Business, Innovation, Observations

Has the internet destroyed brand loyalty?

Recently, I was fortunate to have the opportunity to learn a little about  brand loyalty for my job. The results are depressing. Most articles that consider Brand Loyalty forecast its its death. Consumers are increasingly willing to consider a new product or brand, in favor of sticking with a tried-or-true solution. Prior to the internet age, when information was relatively hard to come by, daily items cost more of our income, and brands had regional footprints, brand loyalty made sense. The risks associated with a product change were relatively high.

The internet brought extreme price competition, product availability, and increased information, to the average buyer. A purchaser in Wisconsin can now compare 250 retailers for glass cleaner based on price, average review, or active ingredient without leaving her house. It is now riskier for her to blindly purchase the brand her father used, especially if it is the more expensive option, than to purchase a well-reviewed, cheaper option. Consumers rejoice, brands despair.

Obviously then the answer to the title question is yes, right? Don’t forget Betteridge’s law. I find it more likely that loyalty has shifted to a new entity, rather than decreasing in an absolute fashion. Building on Ben Thompson’s work on Aggregation Theory, I posit that brand loyalty shifted from individual producers to retail aggregators. Aggregation theory focuses on how consumer technology companies that aggregate modularized suppliers — which they often don’t pay for — to consumers/users with whom they have an exclusive relationship at scale changed the profit landscape of retail competition globally.

One lesser explored impact, of a world where aggregators reign supreme, is how consumer trust and loyalty changes with the market shift toward aggregators. In an aggregator-driven market, consumer trust and experience shifts from the product to the marketplace entire. Brand loyalty may shift from the product to the aggregator as well. Consumers frequently choose to buy a more expensive option on Amazon over a cheaper price on eBay due to the differentiated perceived consumer and brand experience. Consumers are loyal to Amazon over eBay, even when the reviews on eBay are more honest and recent improvements in the return policy, and shipping practices bring the purchase process into line with Amazon. I google items using Chrome, I don’t Bing items using Edge; as a consequence Google recommends many of the items I buy. I am loyal to Google, even when its competitors offer better browsers and may recommend better items for purchase. Thompson argues that this loyalty and the market dominance it brings may cement the current tech giants as the preeminent companies of this century.

How does this impact traditional retailers? Brick-and-mortar retail brands that understand the aggregator economy and cultivate a strong brand image, independent of a particular product, are set to succeed in this new economy. After facing revenue loss in 2016, Target outlined a new retail strategy focused on reimagining their stores and building better employee and brand experiences. That strategy is working.
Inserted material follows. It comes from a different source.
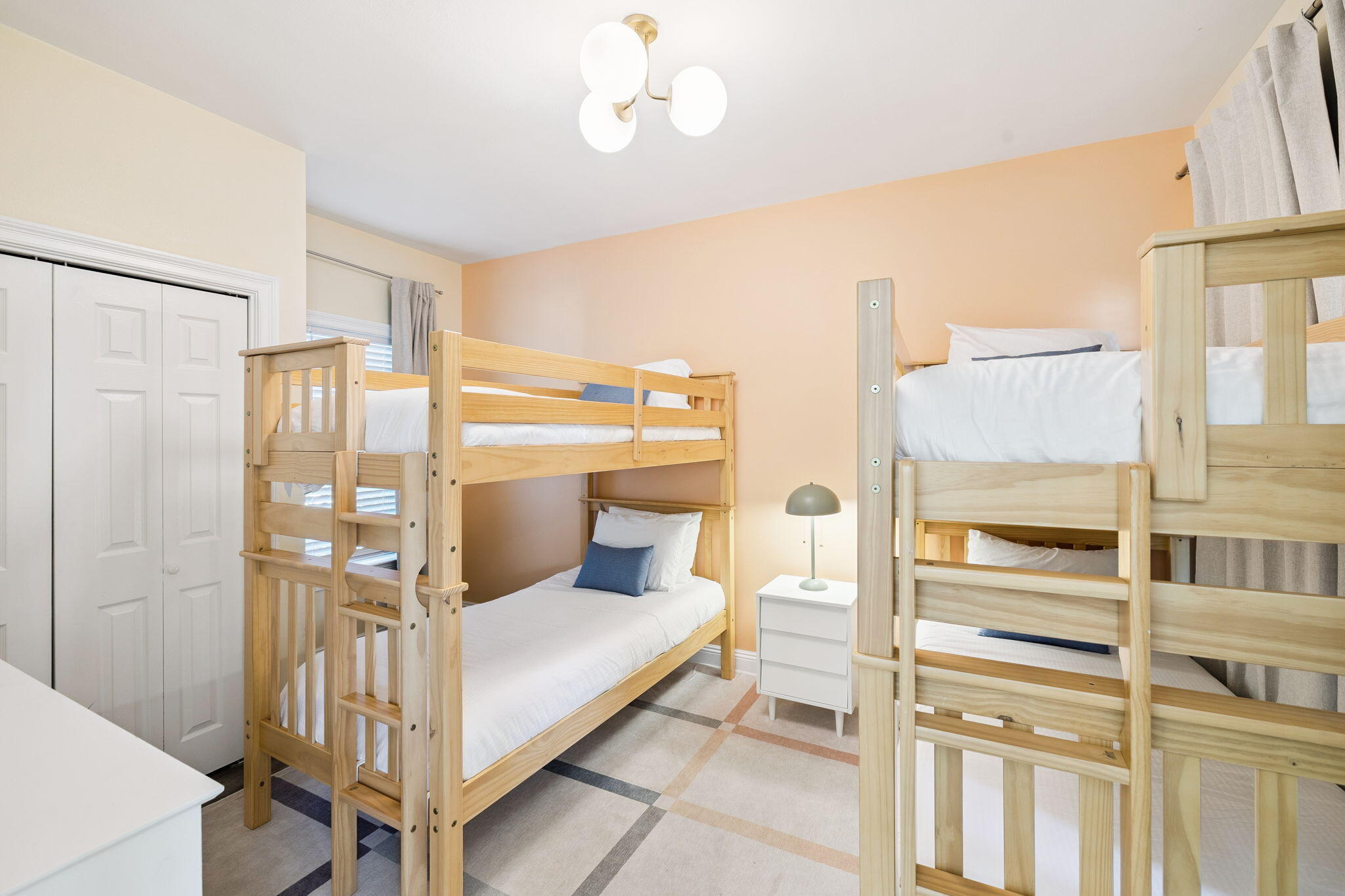 CRYSTAL SHORES - Residential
The company is thriving in a market destroyed by digital competition.

The portfolio of Urban Outfitters is another successful example of building a brick-and mortar-store that leverages aggregator strategy. The stores within Urban Outfitters umbrella (Urban, Anthropologie, Free People, etc.) each cultivate a list of in-house “brands” making each store resemble a retailer of highly curated clothing from different suppliers. The strategy seems to have insulated Urban Outfitters from online competition; Urban has a strong digital presence and differentiated in-store experience. If Urban appeared to only supply a single house brand, its revenue curve may more closely resemble Gap’s, a primary competitor. The key differentiator of Urban Outfitters, is the strength of store brand perception; consumers are not loyal to any of the individual “brands” that each Urban Outfitters store has.

Traditional retail brick-and-mortar shops were left behind by more than just a shift to cheaper options, and the convenience of online shopping. They missed the boat on building a perception of a differentiated brand, opposed to a brand housing differentiated products (à la Nordstrom). To succeed in a highly competitive industry within the aggregator economy is to build a perception that your store, online or brick-and-mortar, will compile the best options and provide an experience with consumer choice.

In future research, I plan to identify how companies within traditional industries maintain brand loyalty in the internet age. These strategies center around extreme urgency to buy, creating an ecosystem, and creating barriers to switch through incentives.